5. Hiroshi Yamada Doesn't Object

When someone goes through hell, they might end up with post-traumatic stress disorder. PTSD makes the mind relive past horrors, sometimes in an even more twisted form. Nightmares, anxiety, addiction, depression — it's the full package.

I've been plagued by nightmares almost every night. I'm addicted to caffeine, constantly teetering on the edge of alcoholism, gripped by anxiety, and have been stuck in a depression that spans years. No one has ever officially diagnosed me with PTSD, and I'll do my best to avoid that label in the future. It's hard enough scraping together a living for a bowl of rice and a can of MAX Coffee as it is.

My struggles aren't tied to the words I just heard from Ms. Yukinoshita. Their roots run deeper, planted firmly in those few months of hell called Mindanao. So why am I staring into the void with that infamous thousand-yard stare, memories of my youth swirling in my mind like the thunder of helicopters on a combat run?

Back then, in my third year of Sobu High, I was stupidly, absurdly, undeservedly happy. I offered Yukino Yukinoshita everything I had. And eventually she gave me a confession of love in return.

Philosophers can debate the nature and forms of happiness until their voices go hoarse and their wrists ache from writing. I have no use for their arguments.

I know exactly what happiness looks like. It's a raven-haired girl, showing up to every date with a new hairstyle.

I know what it tastes like. There were several, but the safest to mention is lip balm — Yukino never wore lipstick.

I know what it sounds like. Even now, I can remember hundreds of her lines — from biting remarks sharp as acid to words full of passion. They often followed one another in quick succession.

I know what it smells like. I worked a backbreaking job in a supermarket warehouse after school for a month just to buy her the perfume she liked. I don't remember its name, but I'd recognize the scent anywhere.

And I know what it feels like. From accidental brushes to the heated embraces of our first night together and beyond. Once we'd tasted the forbidden fruit, restraint was no longer on the table. No snakes tempted us — we'd earned our little paradise by avoiding them altogether.

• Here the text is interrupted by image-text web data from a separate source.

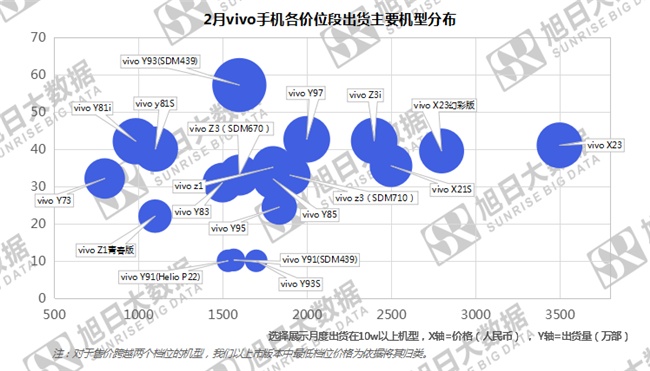 vivo手機全球市場(chǎng)表現(2019年2月)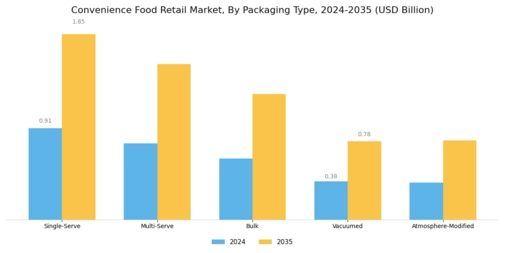 Convenience Food Retail Market Segment Image 3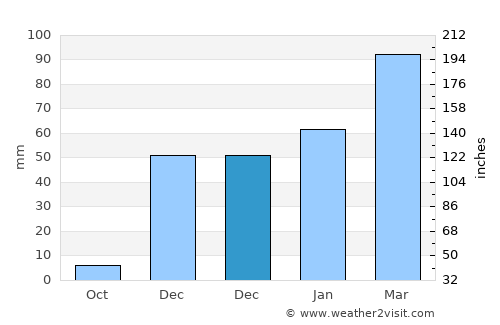 Qala i Naw average rain in December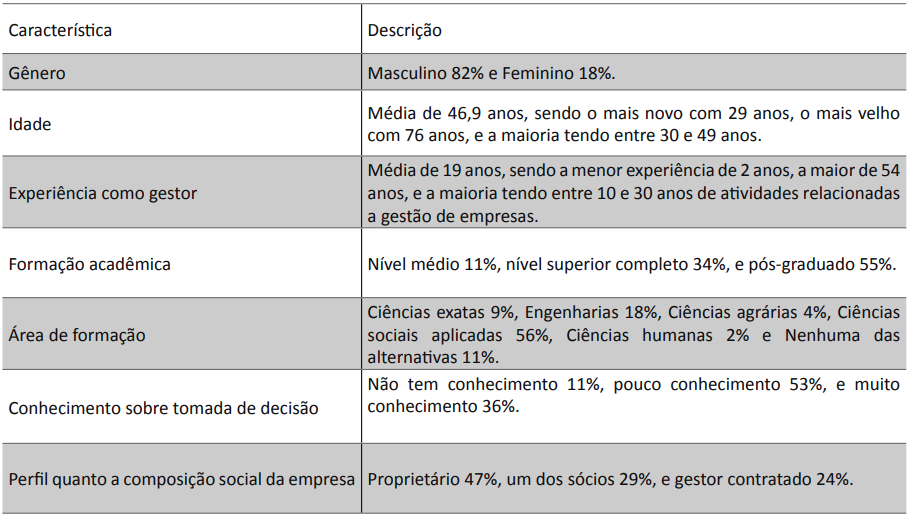 S&iacute;ntese das caracter&iacute;sticas dos respondentes.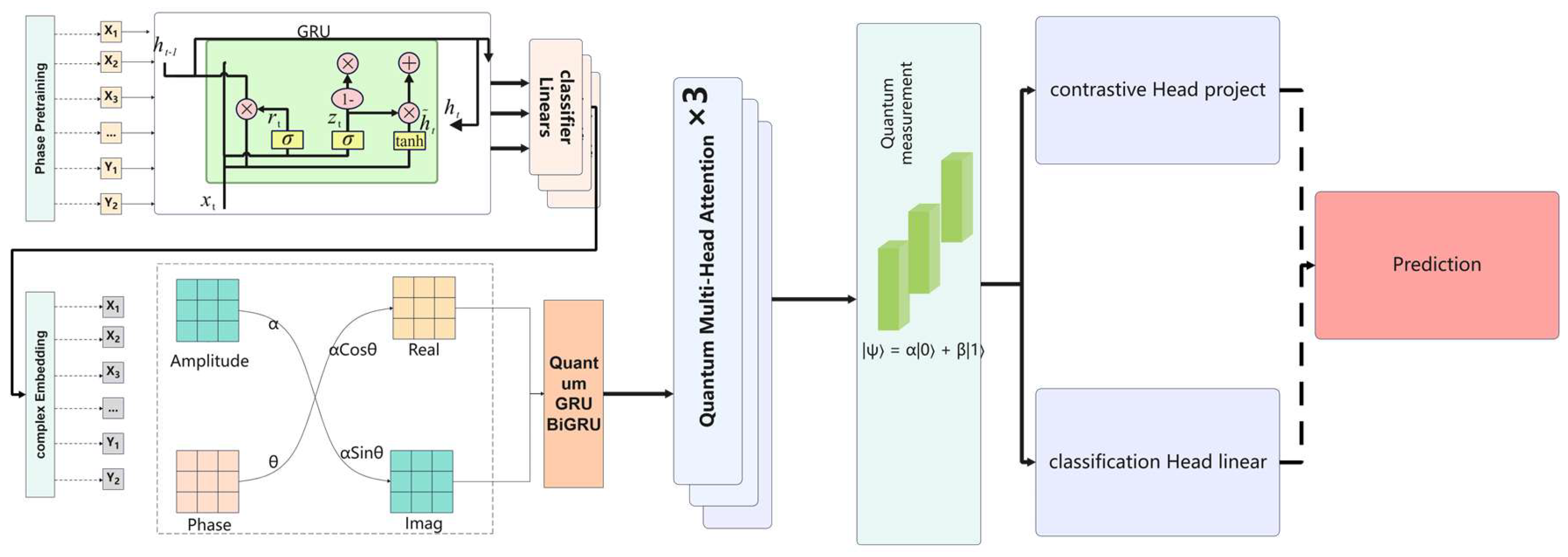 Preprints 205946 g002
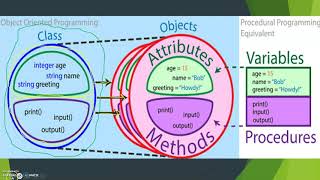 OOP reflection on key concepts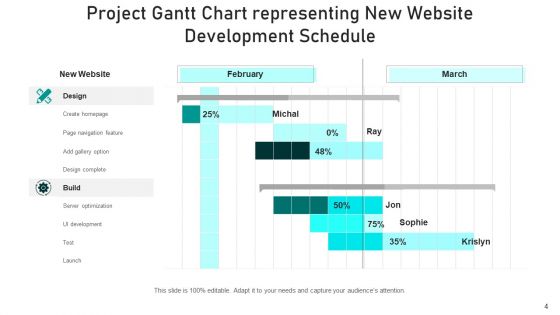 Project Schedule Chart Design Planning Ppt PowerPoint Presentation Complete Deck With Slides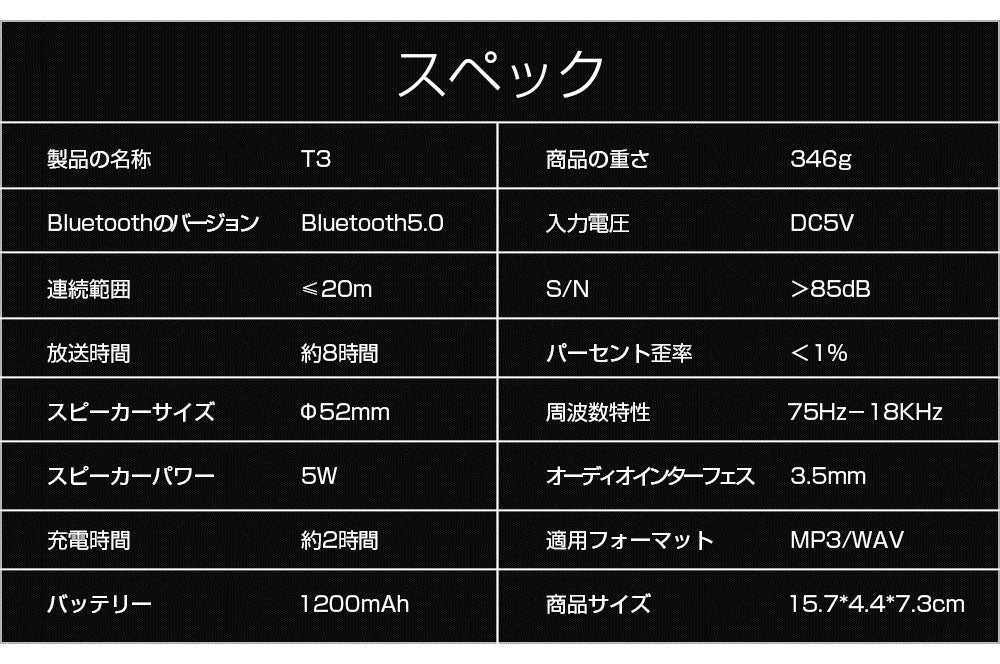 ワイヤレススピーカー レッド 持ち運び ハンディ 防水 ブルートゥーススピーカー ポータブル 携帯 お風呂 アウトドア 重低音 iPhone スマホ 大音量 ダンス教室 充電式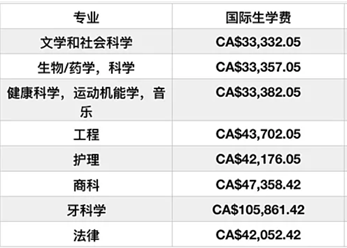 加拿大最贵大学TOP5，你还好吗？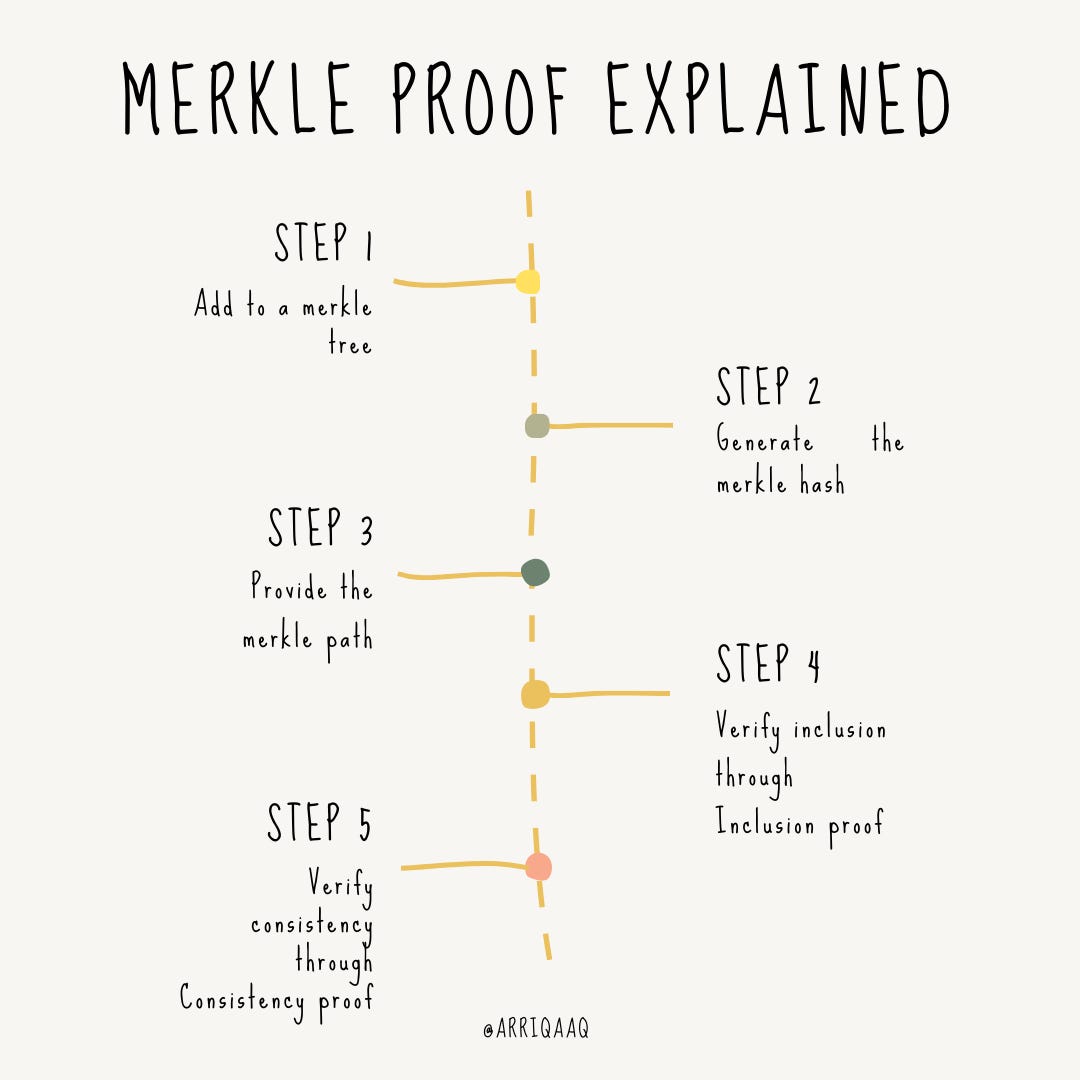 Don't trust your logs! Implementing a Merkle tree for an Immutable Verifiable Log (in Go)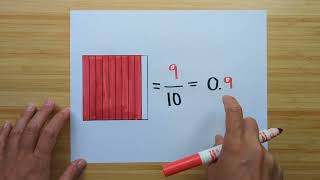 4th Lesson 5 Decimals Tenths amp Hundreths [upl. by Hughes]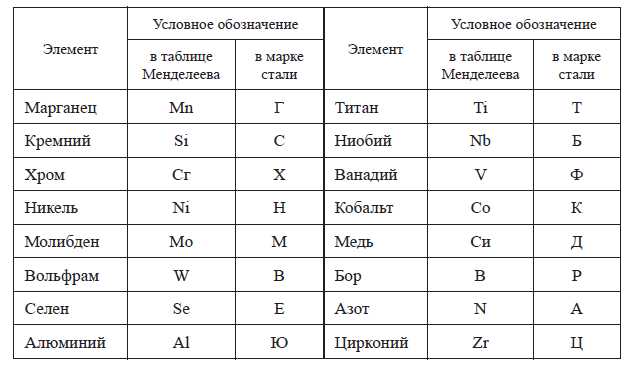 Химические свойства никеля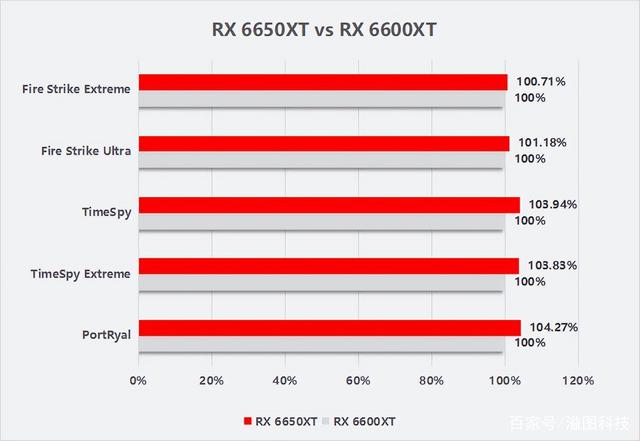 6950xt显卡价格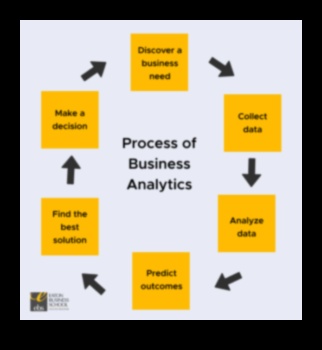 Atbrīvotas inovācijas: biznesa analīzes iniciatīvu spēks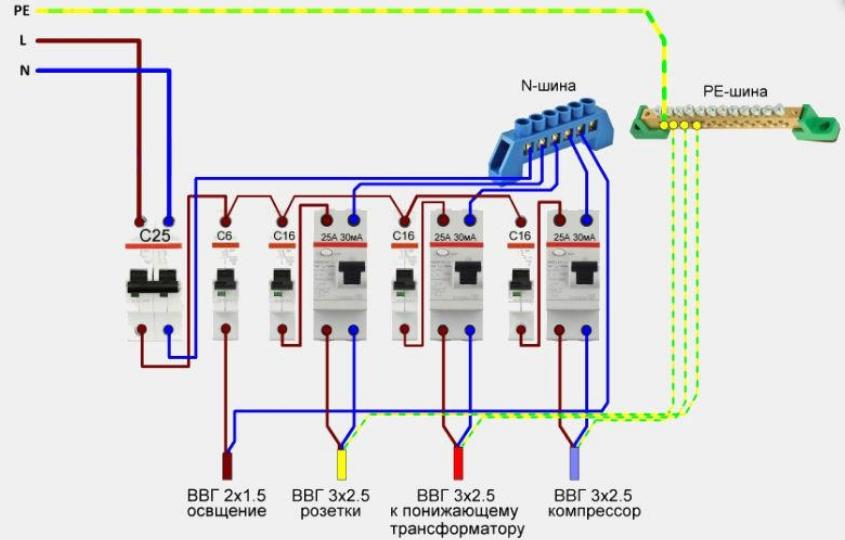 Example of wiring fuse box in the garage.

Maybe I lied about my trauma. It's real. In every layer of my mind and subconscious, the image of Yukino Yukinoshita is seared in like a brand. I can bury it under work, daily routines, alcohol, and nightmares, but it will never go away. Any small trigger is enough to remind me that I loved, love, and will always love Yukino. The most other women could ever hope for is the role of a little sister. Of course, there's my actual little sister, Komachi, along with other relatives—my mother, my paternal grandmother. And then, there's the Yukinoshita family: my would-be mother-in-law and my sister-in-law.

I've worked hard to erase the image of Haruno Yukinoshita from my mind. Speak of the devil, and she'll appear.

Of all the women in the Yukinoshita clan, the eldest daughter was the boldest, most ruthless, cynical, and spiteful. A complete opposite of her cold-on-the-surface, but kind and deeply human younger sister. I'm lucky I fell for Yukino. Fighting Haruno would've required a scale of conflict that could end only by a capitulation aboard the USS Missouri. Maybe history preserved that ancient battleship in Honolulu as a warning against reckless ventures.

I snapped out of my thoughts and looked up. How much time had passed during my flashbacks? Judging by Ms. Yukinoshita's expression, which hadn't grown any harsher, it was still within acceptable limits.

I bowed again and fled. I needed a drink. Immediately. To hell with the time of day or workplace discipline. A bottle of whiskey or undiluted shochu was the only conversation partner I wanted right now.

Meanwhile, more cars had gathered around — vehicles unmistakably belonging to the police, even without their two-tone paint jobs and flashing lights. More Toyotas: Allions, Crowns, and even an Alphard parked in the second row with plates from the local prosecutor's office. Had the district prosecutor herself shown up? Sure enough, Mrs. Marimoto, flanked by aides and secretaries, emerged regally from the luxury minivan and headed into the house.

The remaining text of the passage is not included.